## INSTRUCTIONS FOR THE TASK
Look through the data below for the line with "1321 North Webster" and the line with "Sprint, Harga Nyaris", then transcribe exactly from the first through the second, leaving out all pictures.
━━ WORKING DATA ━━
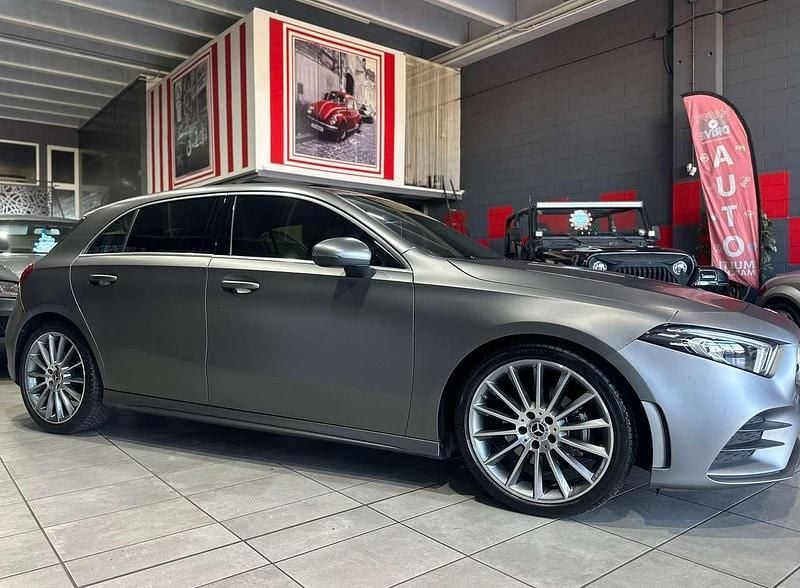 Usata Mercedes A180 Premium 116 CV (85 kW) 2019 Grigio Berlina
━━━
━━ WORKING DATA ━━
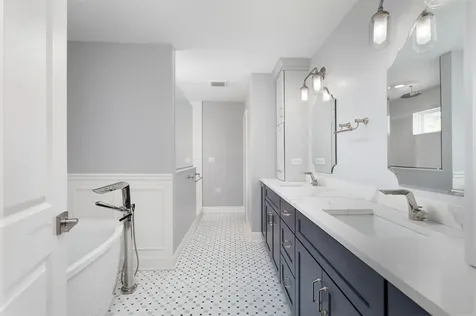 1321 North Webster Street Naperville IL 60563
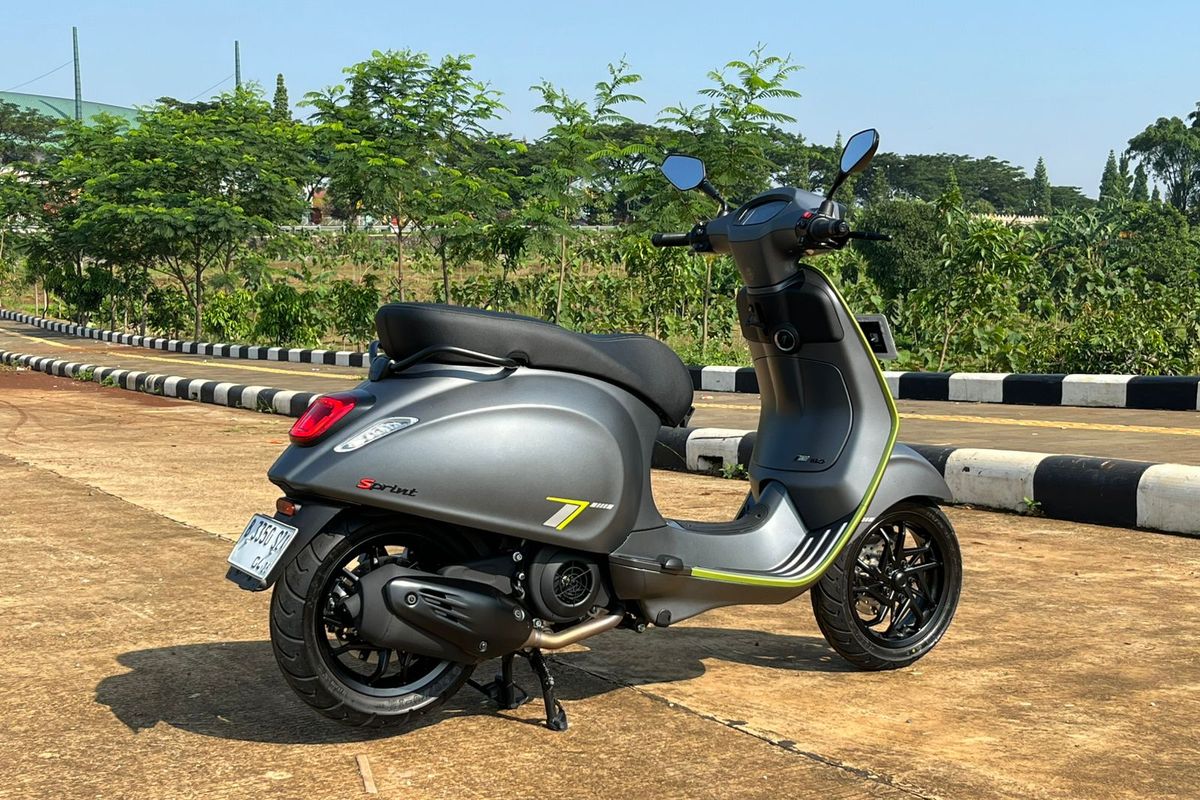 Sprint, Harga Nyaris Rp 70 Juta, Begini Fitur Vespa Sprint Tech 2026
━━━
## ANSWER TO THE PROBLEM
 1321 North Webster Street Naperville IL 60563
 Sprint, Harga Nyaris Rp 70 Juta, Begini Fitur Vespa Sprint Tech 2026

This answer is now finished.